Now I am OLDER and Not as steady as I was back then hand holding it.
I am semi retired and looking to stay Busy ( which I do) and try Film again.
My concerns are: 1- Cost of film Now and processing and Scanning Neg. to Digital file.
2- What does the Near Future hold for supply of film and how much more will costs go up
I like shooting Digital ( Have a Hassy X1D2) BUT want to see how the portraits look using film.
Any suggestions which way to go with this? What System and lens choice for portraits( I shoot waist up and Head and shoulder shots) with just 1 lens now.
MY other concern is I use OCF a lot for my portraits.
Thank you in advance for recommendations.
I read about this : Not Cheap and Not sure how it compares to other MF Film cameras today

Hasselblad 202FA + Zeiss Planar F 2.8/80 T * + E12 film back
 

ggibson

Well-known member
You can do the math on costs if that's the biggest concern.

Film costs will always be a thing. You can minimize your costs per image by self-developing and/or self-scanning. Let's say you're shooting Portra 400 at $14/roll, use a lab to develop for $8/roll and then self-scan using your Hasselblad digital camera (assuming you keep this). Current costs then are around $1.80 per shot.

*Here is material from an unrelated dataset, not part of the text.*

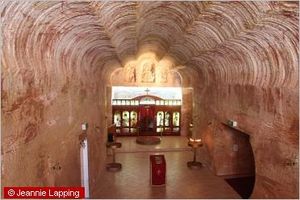 coober-pedy-underground-church.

Good news is that film cameras appreciate more than depreciate these days if you care for them well. People still want to shoot film, but no one makes the cameras, so second-hand prices keep going up. My 503CX is worth more than I paid for it 4 years ago. I have a little more concern though with cameras that rely on electronics compared to fully mechanical operation--availability of repair could be a risk for anyone owning an older camera. With many cameras though, you could easily get most if not all of your money back within a short time if you change your mind and your only cost is for the amount of film you use.

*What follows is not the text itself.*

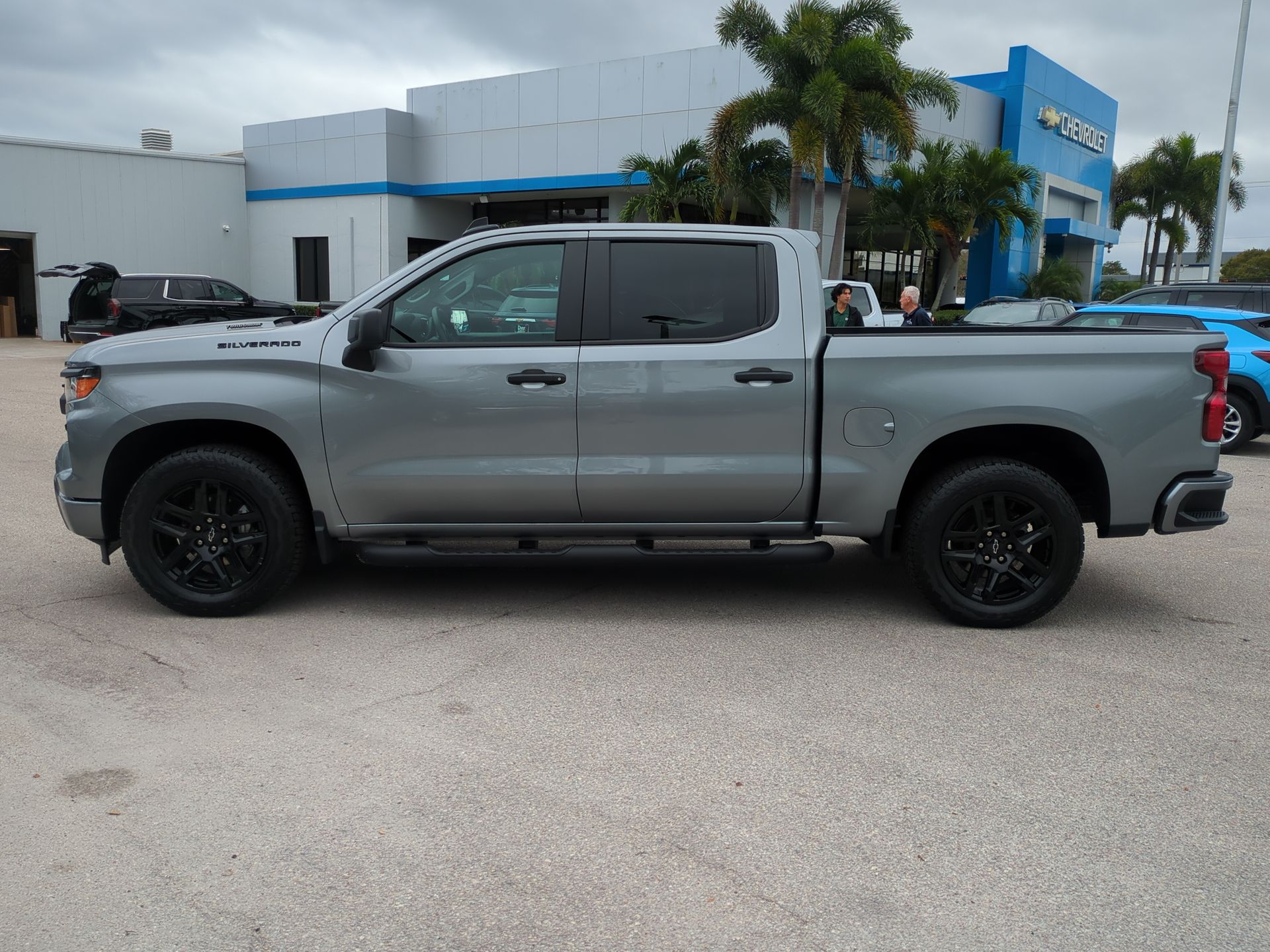 2025 Chevrolet Silverado 1500 Custom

Looking at Hasselblad, the 200 series cameras are the newest and most expensive bodies. Their most significant advantage is that they have a focal plane shutter and so they can use the faster lenses designed for it. You can get an 80/2.8 CF leaf shutter lens though. This is my main Hasselblad lens as well. You might want these anyways for faster OCF sync speeds(?), and if that's the case go with a 500 series camera again. Fully mechanical, iconic cameras are destined to hold their value well and these are great to shoot as you know.
 

rollsman44

Well-known member
Thank you Graham. I appreciate the Info you gave me. I was thinking of the Hassy H1 so I have AF as well Let me know what you think about the H1 possibility
 

MartinN

Well-known member
BTW a Mamiya 645 AF can sometimes be found quite affordably because there is almost no way to make it digital. But it all depends on what kind of deal one finds.
 

anyone

Well-known member
My main film system is and stays Hasselblad V. The Zeiss lenses are very good. The price was going up quite a bit recently.

But since I bought Pentax 645 lenses for digital use, I also tried them on film.
All I can say: I am now a big fan of the Pentax 645 system. It‘s cheap and good. I do not have any experience with the autofocus bodies though.
 

rollsman44

Well-known member
Do you mean Pentax 645 Digital camera or Film Camera? I know how good they are as I used them on the 645Z and reasonable . Thank you
 

anyone

Well-known member
I use the lenses on my GFX camera and also more recently on the original Pentax 645. This camera lacks autofocus though, the 645N would provide that.